Ilustrasi: Reuters
Gempa tersebut berasal dari pergerakan lempeng Indonesia-Australia dengan Eurasia. "Sumber gempanya dari sana. Wilayah pesisir selatan itu masuk zona Cincin Api,” katanya.
Musripan menjelaskan, gempa bumi terjadi akibat pelepasan energi di dalam bumi yang secara tiba-tiba ditandai patahnya lapisan batuan pada kerak bumi. Akumulasi energi penyebab terjadinya gempa dihasilkan dari pergerakan lempeng-lempeng tektonik, sehingga energi yang dihasilkan dipancarkan ke segala arah berupa gelombang gempa bumi. Hal itu menimbulkan efek yang dapat dirasakan hingga permukaan bumi.
Setiap tahun, permukaan bumi mengalami pergerakan dengan kecepatan 5-7 milimeter per tahun. Gempa seperti itu biasa terjadi dan harus dihadapi tanpa panik berlebihan. Berdasarkan catatan Badan Meteorologi, Klimatologi, dan Geofisika (BMKG), sepanjang 2016, sudah terjadi 8-9 kali gempa serupa. Jadi gempa seperti ini bisa rutin terjadi. "Sehingga harus membiasakan diri menghadapinya agar tidak panik berlebihan,” katanya.
Namun, menurut dia, jika tak ada letupan energi, hal itu malah lebih berbahaya karena bisa menimbulkan gempa yang lebih besar.
Gempa di Malang, kata dia, tak hanya dirasakan warga Malang, tapi juga di Blitar, Lumajang, dan daerah lain di Jawa Timur, bahkan hingga Yogyakarta. Musripan menjelaskan, getaran gempa di Kabupaten Malang berskala 3-4 MMI (modified mercalli intensity), Kabupaten Blitar 4 MMI, Surabaya 3 MMI, Nganjuk 2-3 MMI, dan Yogyakarta 2-3 MMI. Gempa tersebut tidak berpotensi menimbulkan tsunami karena skalanya di bawah 6 SR.
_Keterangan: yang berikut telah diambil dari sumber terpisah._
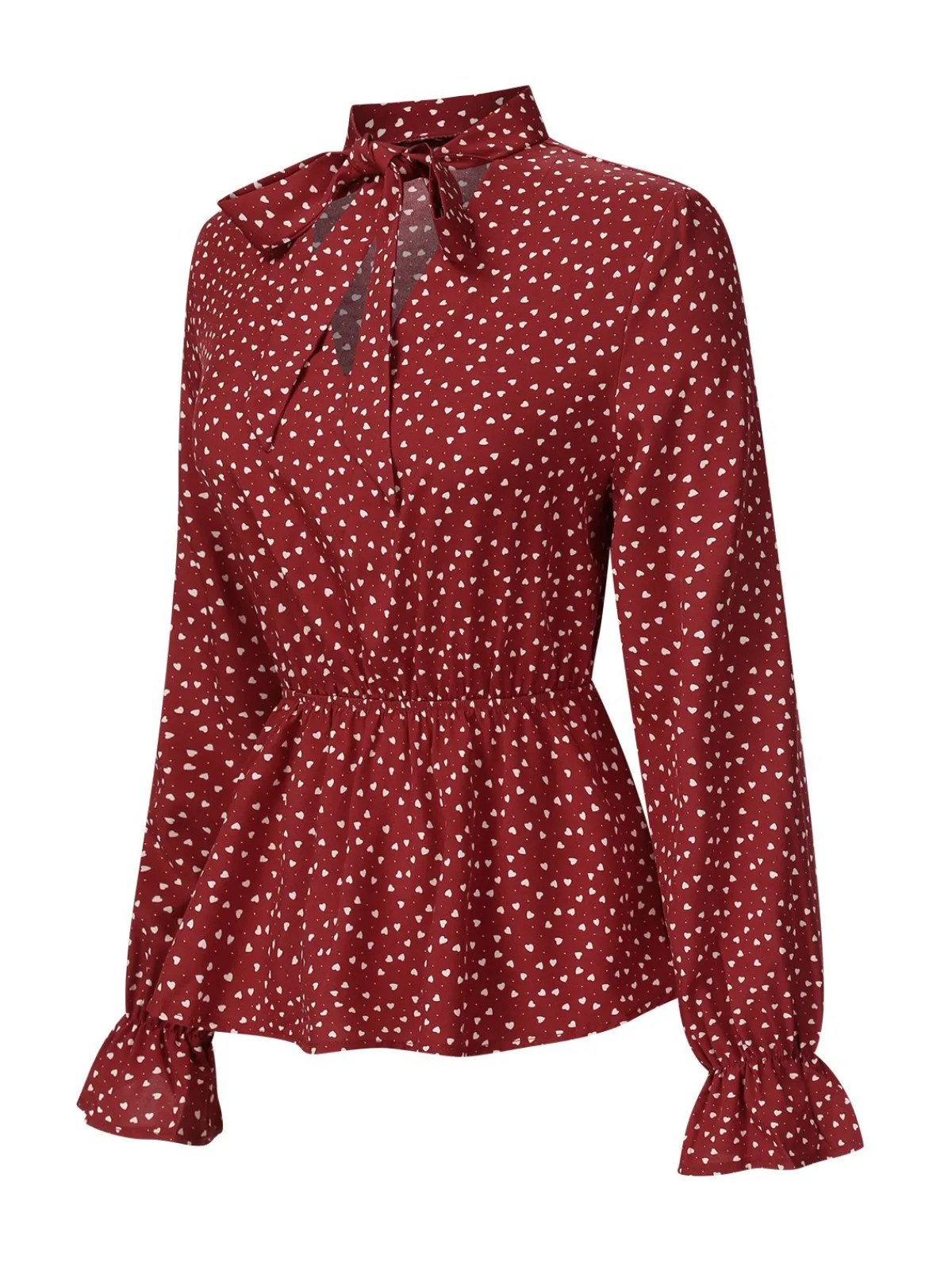 New Retro Stage 1940s Polka Dot Lace-Up Chiffon Blouse Red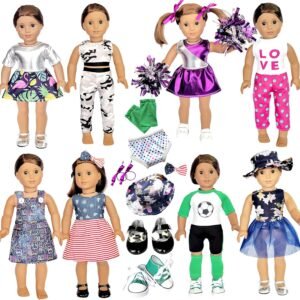 20 Pcs American Doll Clothes and Accessories fit American 18 inch Girl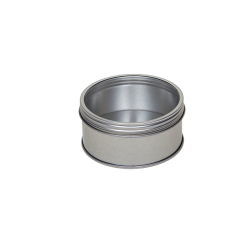 Round tin with screw lid and window, small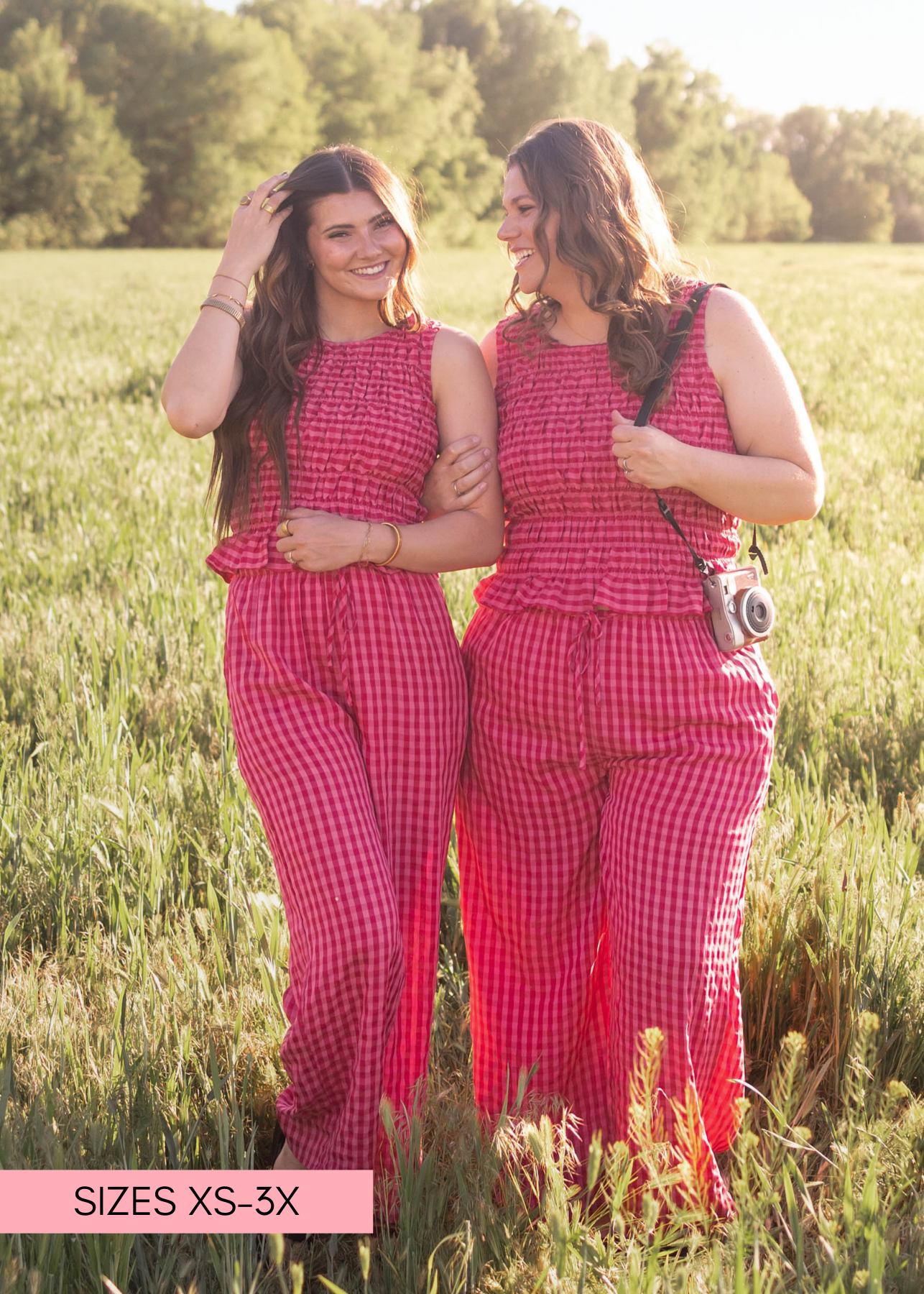 Lottie Fuchsia Gingham Pants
Sekretaris Palang Merah Indonesia Kabupaten Malang Aprillijanto menyatakan belum menerima laporan kerusakan bangunan rumah dan perkantoran ataupun timbulnya korban jiwa. Laporan yang masuk menyebutkan masyarakat di wilayah pesisir selatan Malang, terutama di Pantai Sendangbiru, Kecamatan Sumbermanjing Wetan; Pantai Bajulmati, Kecamatan Gedangan; Pantai Lenggoksono, Kecamatan Tirtoyudo; serta Pantai Ngliyep, Kecamatan Donomulyo, masih aman.